L’introduction en 2020, à l’initiative de Pékin, d’une loi sur la sécurité nationale qui prévoit de lourdes peines d’emprisonnement pour tout acte de « sédition » ou de « collusion avec l’étranger » a permis d’étouffer toute contestation, souligne le militant, qui craint de voir l’accès à l’internet compromis à son tour.

« Les autorités ont toujours refusé d’appliquer à Hong Kong la censure en ligne appliquée en Chine continentale pour permettre à la ville de conserver son vernis international, mais je crains que les choses changent là aussi », a relevé M. Rogers.

Le tribunal ayant approuvé l’interdiction du chant Gloire à Hong Kong a indiqué qu’une injonction était nécessaire, notamment pour convaincre les plateformes en ligne étrangères comme Google de retirer toute référence à l’œuvre.

« J’espère qu’elles ne vont pas s’y conformer », a indiqué M. Rogers.

Jeffrey Wasserstrom, professeur d’histoire de l’Université de Californie à Irvine qui suit de près les développements à Hong Kong, relève que l’interdiction de la chanson s’inscrit dans « un long processus d’étranglement des libertés individuelles » dans l’ancienne colonie.

Il craint, à l’instar de M. Rogers, que la volonté affichée du tribunal d’influencer le contenu accessible en ligne pour les Hongkongais « envoie le signal » que l’internet sera lui aussi largement censuré dans un avenir rapproché comme il l’est ailleurs en Chine.

Une « arme » contre Pékin

La chanson ciblée par les tribunaux a été écrite par un militant prodémocratie en 2019 alors que l’ancienne colonie était secouée par une vague de protestations de grande envergure.

L’annonce d’un projet d’extradition devant permettre le renvoi en Chine continentale de présumés criminels avait mis le feu aux poudres. Les revendications s’étaient ensuite élargies au maintien des libertés fondamentales que Pékin s’était engagé à respecter pour la période de 50 ans suivant la rétrocession de la colonie en 1997.

Le chant Gloire à Hong Kong a été entonné publiquement à l’époque à de nombreuses occasions, devenant pratiquement inséparable du mouvement.

Il comprend des passages soulignant la nécessité pour la population de se rebeller et de prendre les armes pour assurer le maintien de la démocratie.

Le juge chinois responsable de l’injonction a précisé que l’auteur du chant – un militant connu simplement par son prénom – avait voulu en faire une « arme » contre Pékin et était parvenu à ses fins.

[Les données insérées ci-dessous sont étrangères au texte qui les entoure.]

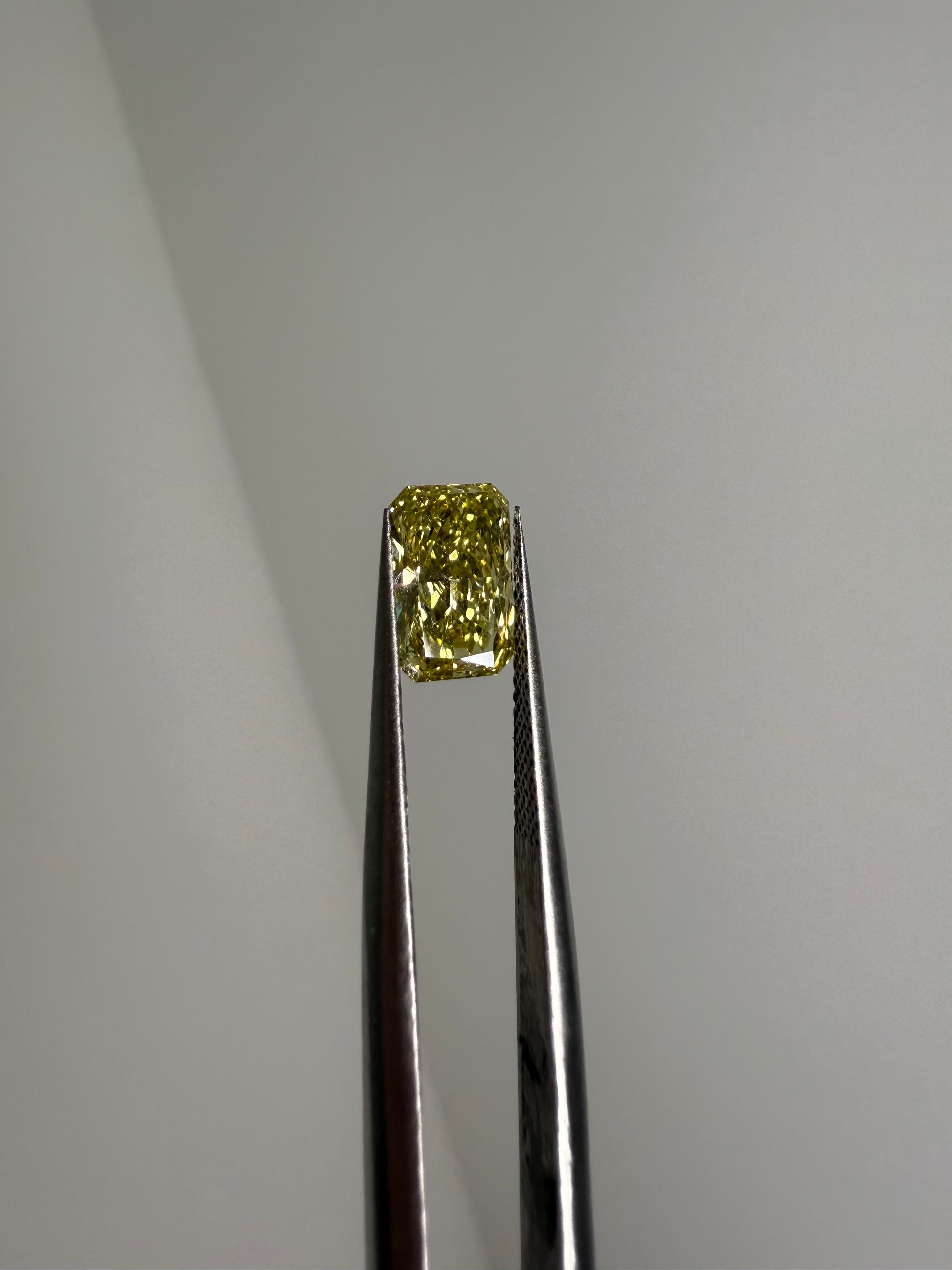 1.55ct VVS2 fancy canary yellow radiant diamond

L’œuvre est « puissante pour susciter des émotions parmi certaines fractions de la société » et a eu pour effet de « justifier et même de romancer les protestations », a souligné le magistrat selon un compte rendu de l’Agence France-Presse.

Il a précisé que son utilisation, mis à part pour des activités académiques ou journalistiques, représentait un risque pour la sécurité nationale et ne pouvait être tolérée.

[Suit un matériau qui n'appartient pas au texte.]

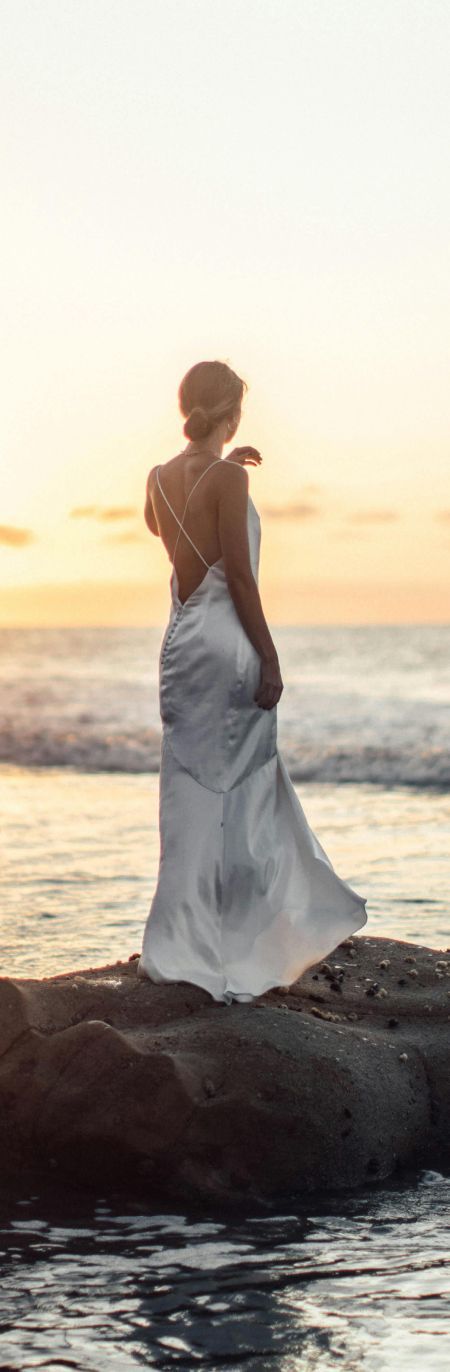 Dedham med spa model in a bridal-type gown at the beach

Une interdiction « dangereuse »

Un juge de première instance avait opiné en sens contraire en juillet en arguant que l’injonction risquait d’avoir une efficacité limitée et soulèverait de graves questions de liberté d’expression.

La décision en appel montre que les « tribunaux hongkongais ont perdu toute forme d’indépendance », juge Benedict Rogers, qui dénonce depuis des années la pression exercée par Pékin sur l’ancienne colonie.

Le gouvernement chinois a salué de son côté le jugement en arguant qu’il était bel et bien « nécessaire » pour assurer un calme durable à Hong Kong.

L’adoption de la loi sur la sécurité nationale avait permis d’étouffer rapidement les manifestations et mené à l’arrestation de nombreux militants.

Plusieurs chefs de file du mouvement s’étaient exilés à l’étranger par crainte de représailles des autorités, qui se sont attaquées dans les dernières années à de nombreux journalistes et médias tout en censurant une longue liste d’ouvrages.

La directrice d’Amnistie internationale pour la Chine, Sarah Brooks, a indiqué mercredi que la décision du tribunal représentait une interdiction « ridicule » et « dangereuse » et une nouvelle illustration de la volonté de Pékin de bafouer ses engagements en matière de droits de la personne.

« Chanter une chanson ne devrait jamais être un crime », a-t-elle souligné.